É um autocarro que faz um circuito fechado. Começa às 8horas da manhã e vai até às oito da noite. Sábados, domingos e feriados, das 9 às 15horas, com uma volta diferente, que vai ao parque de São Lourenço e ao cemitério de Santa Catarina. Não tem horários de passagem, nem paragens fixas. A pessoa tem de saber qual é o circuito, espera o carro e quando ele vem levanta a mão a fazer sinal. O carro para e a pessoa sobe. E para sair, é o mesmo, a pessoa diz onde quer sair, o carro para e a pessoa sai. Assim é melhor para as pessoas, sobretudo para as pessoas idosas. A uma pessoa que vem de fora, dizemos que o carro passa mais ou menos de 30 em 30 minutos. Mais coisa menos coisa, porque pode haver demoras: se há um problema, por exemplo se numa rua estreita como a da Câmara, que é uma rua difícil, está uma camioneta a descarregar, pode demorar aí uns 10 minutos, já não é meia hora, são 40 minutos, e  se o motorista nessa volta tem de ir à casa de banho, já demora um pouco mais. Os bilhetes podem ser pré-comprados na Câmara, mais baratos, ou serem comprados ao motorista.

 

E o bilhete é válido por…

O que está estabelecido é que vale duas voltas a partir do lugar onde a pessoa entra. Uma vez ou outra vêm turistas… Digo-lhes que podem fazer uma volta para verem o circuito na cidade e depois, na segunda, dizem onde querem ficar.

 

Costuma haver turistas?

Muito poucos, quanto mais não seja porque um turista não conhece o serviço e não sabe como o pode usar. Os autocarros de turismo costumam parar no largo Primeiro de Maio, mas não sabem o que é o Abusa e que o podem apanhar e ir até ao castelo. Se houvesse alguma informação, creio que havia mais turistas a aproveitar e a visitar o castelo, por exemplo.

 

Em média, quantas pessoas circulam por dia?

Depende dos dias. E nos últimos tempos tenho perdido alguns bons clientes, pessoas por quem já tinha amizade. Mas, em média, ao longo do ano, talvez umas 80 pessoas por dia. Quase só idosos, é muito raro transportar uma pessoa mais nova.

 

O mini autocarro é da Câmara ou da empresa?

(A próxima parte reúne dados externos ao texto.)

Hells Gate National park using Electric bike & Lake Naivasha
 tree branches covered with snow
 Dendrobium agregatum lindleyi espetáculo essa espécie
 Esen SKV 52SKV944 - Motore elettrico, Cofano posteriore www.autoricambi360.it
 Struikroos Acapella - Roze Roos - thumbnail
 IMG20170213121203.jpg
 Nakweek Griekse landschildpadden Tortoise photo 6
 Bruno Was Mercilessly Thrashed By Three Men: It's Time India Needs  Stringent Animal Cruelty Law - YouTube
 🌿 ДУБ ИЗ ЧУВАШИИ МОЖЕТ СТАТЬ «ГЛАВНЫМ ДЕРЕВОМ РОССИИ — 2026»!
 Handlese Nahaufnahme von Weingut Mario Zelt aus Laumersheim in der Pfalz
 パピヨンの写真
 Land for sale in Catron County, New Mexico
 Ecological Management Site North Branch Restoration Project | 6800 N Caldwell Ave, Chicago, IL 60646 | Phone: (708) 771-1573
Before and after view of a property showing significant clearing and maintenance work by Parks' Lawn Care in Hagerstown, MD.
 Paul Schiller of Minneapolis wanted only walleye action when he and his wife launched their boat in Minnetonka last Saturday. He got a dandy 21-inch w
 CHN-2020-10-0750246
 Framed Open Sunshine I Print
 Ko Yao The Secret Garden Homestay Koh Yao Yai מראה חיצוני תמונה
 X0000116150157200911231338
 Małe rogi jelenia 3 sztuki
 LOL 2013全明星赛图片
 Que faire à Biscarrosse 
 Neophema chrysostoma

É da empresa Vale do Ave, embora a decoração esteja feita pela Câmara. Temos dois carros, o que costuma andar ao serviço e outro para o caso de haver algum problema.

 

E quantos são os motoristas?

O motorista da empresa sou eu, depois temos mais um ou dois para reforço, porque eu tenho outras coisas a fazer. Sou o representante da empresa e, por isso, tenho de ir às reuniões e como sei de mecânica sou eu que faço esse serviço. Em três anos, o carro nunca precisou de ir a uma oficina, mudo pastilhas, faço a reparação do motor, faço tudo. Agora concorremos a mais quatro ou cinco escolas no concelho, se ganharmos o concurso vou ter de me dedicar a outras coisas.

 

Isso significa que a empresa está a apostar nesta zona?

A empresa dedica-se mais ao turismo. Mas como eu estou aqui e faço tudo, como disse, a empresa aproveita, eu trato de tudo e eles não precisam de se preocupar.